_Aim of the task_
Reproduce the whole listing word for word. Leave every image out.

--- Raw data ---

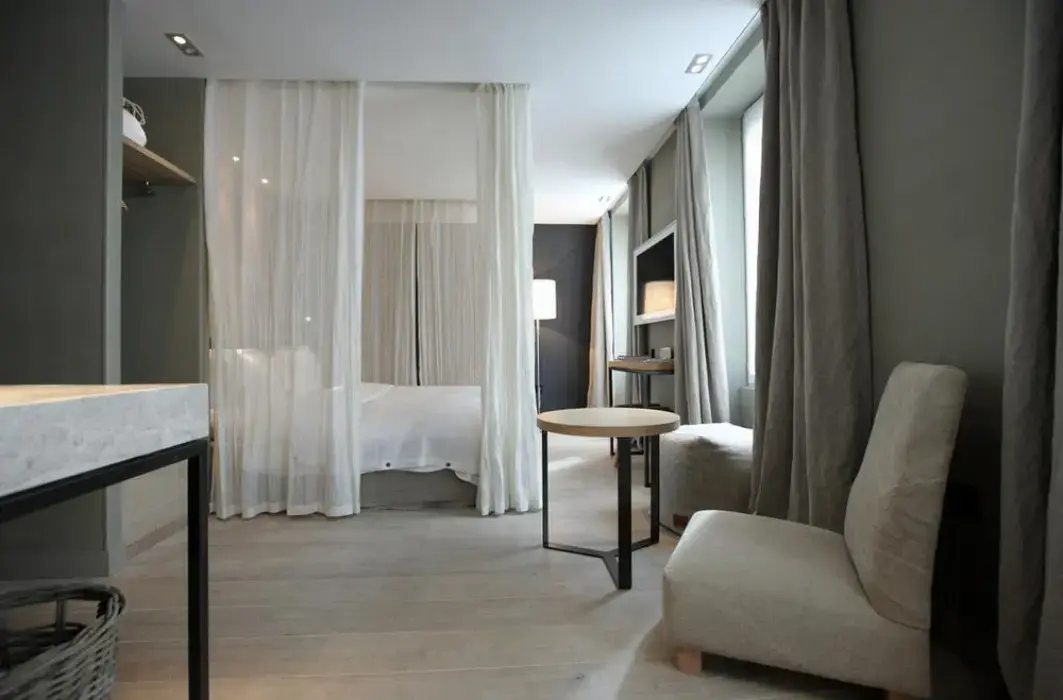 Hidden Hôtel 6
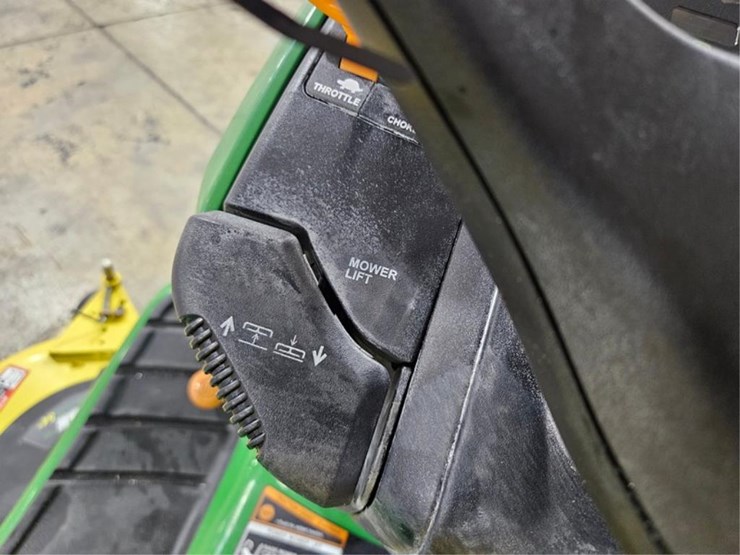 2013-john-deere-x530-image-22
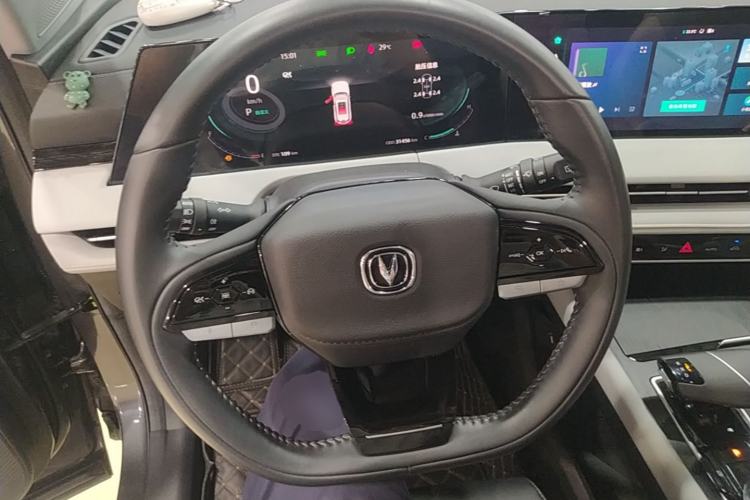 Used CHANGAN CS75 PLUS 2024 3rd Generation Champion Edition 1.5T Intelligent Drive Dynamic Model Steering Wheel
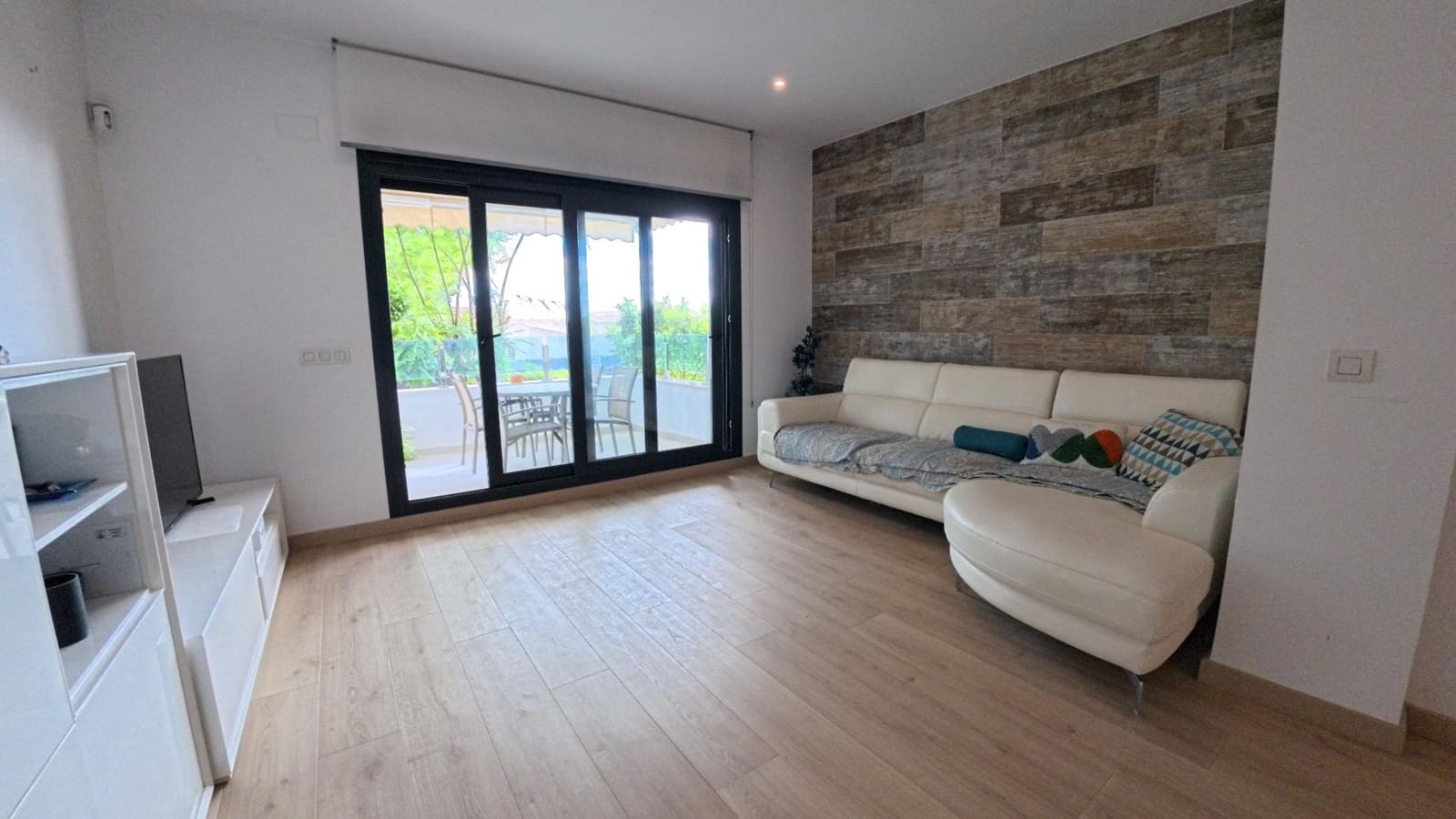3 soveværelse Lejlighed til salg i Polop med swimmingpool garage - € 349.000 (Ref: 10168732)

---

_Task result_
 Hidden Hôtel 6
 2013-john-deere-x530-image-22
 Used CHANGAN CS75 PLUS 2024 3rd Generation Champion Edition 1.5T Intelligent Drive Dynamic Model Steering Wheel
3 soveværelse Lejlighed til salg i Polop med swimmingpool garage - € 349.000 (Ref: 10168732)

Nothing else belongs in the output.